Week 4 Answers


  1. Get the "Person" class to compile. Note that you'll need to make some edits - the code above is not entirely correct.

    You probably will need to add an import java.awt.* statement at the top, or to specify java.awt.Color when declaring the "color" member.

  2. Add a field to "Person" which will contain the date and time at which each "Person" object was created.

    You'll need to add a field to the class definition something like this:

         class Person {
               int age;
               String name;
               Color hairColor;
    	   final java.util.Date creationDate;
               . . .
    

    and then make sure that every time an object is constructucted, you have:

               creationDate = new java.util.Date();
    

    Note that final can be used in the "creationDate" field definition for a field that will only be assigned to once from within a constructor - ensures that once it's initialized, it'll never change. The compiler will force you to initialize such fields in a constructor.

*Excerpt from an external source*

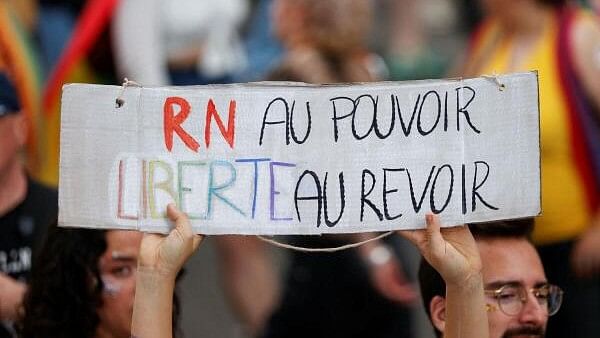 <div class="paragraphs"><p>An attendee holds a placard that reads "The RN to the power, goodbye to freedom", against the French far-right Rassemblement National (National Rally - RN) party during the Marche des Fiertes LGBTQI+ (Paris annual Pride parade) in Paris, on the eve of the first round of the early French parliamentary elections in France, June 29, 2024.</p></div>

  3. What happens if you get your program to do:
        Person me = new Person("nick",21);             // 1
        System.out.println("the person is " + me);     // 2
    

    You should see something like:

       nick is Person@1bab50a
    
    Change your class so that line "2" prints out:
        the person is nick, who is 21 and was created on xxxxx
    
    where "xxxxx" is the date/time that the object was created

    You need to add a "toString" method to your class, something like this:

           public String toString() 
           {
              return name + ", who is " + age + " and was created on " +
    	         creationDate;
           }
    
  4. Add a loop to your program:
             for (int i=0; i<1000; i++) {
                 Person pp = new Person("test",0);
             }
    
    How often do you think the garbage collector will run for this program? Run the program with garbage collection logging turned on and find out

    Use java -verbose:gc to see this. But you can't predict in advance how often it will run. Specifically, it probably won't run as the program exits.

  5. Add the line System.gc() to the end of the program. Run it again with GC logging, what happens?

    Most likely this will cause an extra garbage collection. But there's no guarantee of this.

  6. Add several more consecutive System.gc() lines, run with logging and see what happens.

    Most likely each will cause the garbage collector to run, although consecutive runs of the garbage collector won't find any extra free memory

  7. Find another class in the Java class libraries which has factory methods. Explain why they're used in this case.
  8. java.net.InetAddress has no public constructors, only factory methods. It caches addresses which have been successfully translated to save having to do duplicate DNS lookups.

  9. Explain the difference between the following two lines of code:
         String myString = new String("hello"); // 1
    
         String myString = "hello"; // 2
    

    "hello" is an instance of String. Line 2 says you want to make myString be a reference to that object. Line 1 says that you want to create a brand new String object (using the String constructor), using "hello" as the constructor parameter, and then make myString refer to that newly created object. So both lines will have the same effect (myString will end up referring to "hello"), but line 1 creates an extra reference and incurs the overhead (which in a loop might become significant) of running the String constructor code.

    Examples which show this up more clearly would be

         String a = "hello";
         String b = new String(a);  // 1: c-tor and extra reference unneccessary!
         String b = a;              // 2: the efficient way to do it
    
    or, perhaps a more likely mistake:
         java.util.Date d1,d2,d3;
         d1 = new Date();             // d1 has today's date
         d2 = new Date(d1.getTime()); // 1: another object created, but no need!
         d3 = d1;                     // 2: the efficient way to do it
    

    Joshua Bloch "Effective Java" item 4 discusses this.